Interestingly, Mr. Putin himself used to make this point when he first became president. To underscore how poor his country was, and how urgent it was to reform, he observed that it would take 15 years of 8% economic growth for Russia's per-capita income to equal Portugal's. This was a particularly brutal comparison, because Russians saw Portugal not as a rich European state but as a poor one. (And how humiliating to be compared to such a small country.)

These days, Mr. Putin does not use the Portugal comparison so much -- the urgency of reform is less on his mind -- so here's the update. With all its growth Russia is gaining ground, but the absolute gap between the two countries is only modestly narrower than when Mr. Putin first compared them -- just over $12,000 then, just under $11,000 now. Meanwhile, the gap between Russia and both France and Italy has widened slightly. Even if Russia keeps steaming ahead, it will probably not catch up with Portugal until 2020 -- and by some estimates, long after that.
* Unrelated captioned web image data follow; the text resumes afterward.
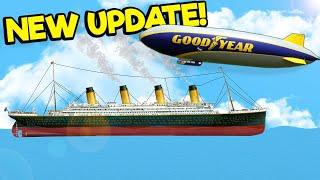 Driving the TITANIC into a TSUNAMI in the NEW Update - Floating Sandbox Gameplay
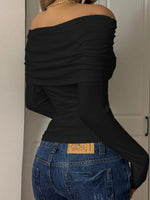 Off-Shoulder Ruched Long Sleeve T-Shirt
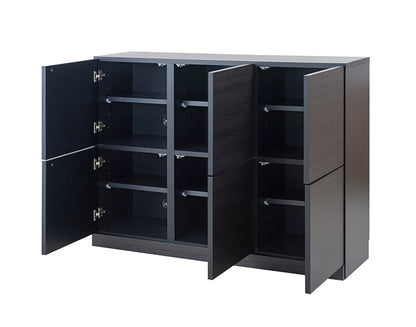 BK-club A4が入る薄型カウンター下収納 幅120cm 奥行34cm 高さ86.5cm キャビネット 完成品 日本製 スタイリッシュブラック 扉タイプ 薄型 カウンター下収納 キッチン キッチン収納(代引不可)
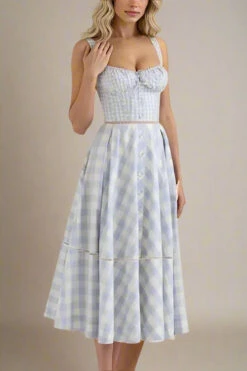 Holland Top And Midi Skirt Set - Sky Blue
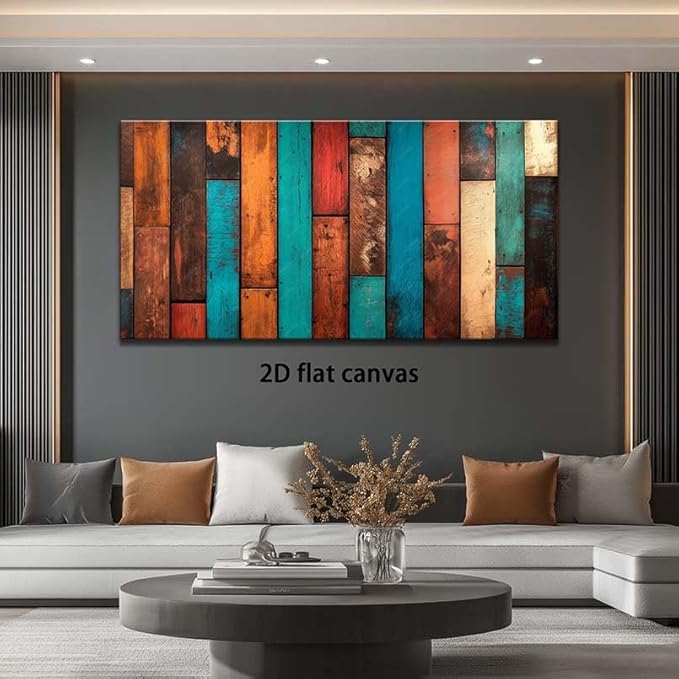 ZESTRILIA Reclaimed Wood Planks Canvas Wall Art for Living Room Office Rustic Mosaic Colorful Canvas Artwork Living Room Dining Entryway Room Décor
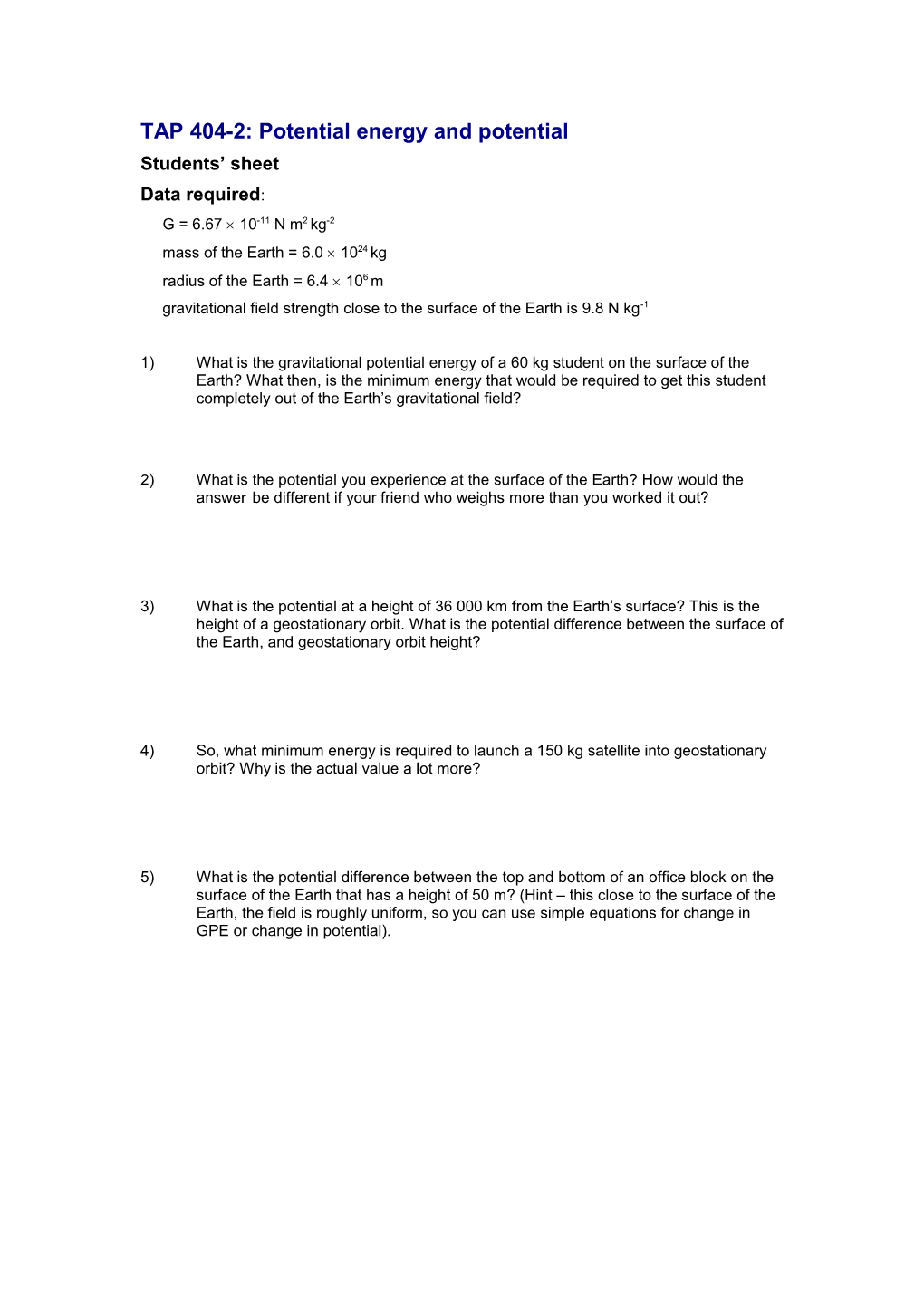 TAP 404-2: Potential Energy and Potential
These comparisons do not detract from the Russian economy's extraordinary growth. Its transformation is a huge opportunity for anyone who is a part of it. The reason, however, is not that Russia has catapulted itself into the ranks of the rich, but that it is still relatively poor. The low base from which it is growing means that strong increases can continue for a long time before petering out. (Just ask European machinery exporters: Their sales to Russian companies quadrupled between 2000 and 2006.) Similarly, the low living standards of the Russian people mean that the leveling off of their consumption surge is decades away. It's good politics -- and maybe even good geopolitics -- for Mr. Putin and his colleagues to claim they've come further than they have. But we'll understand today's Russia better if we don't believe them.

Mr. Sestanovich is a senior fellow at the Council on Foreign Relations and a professor of international diplomacy at Columbia University.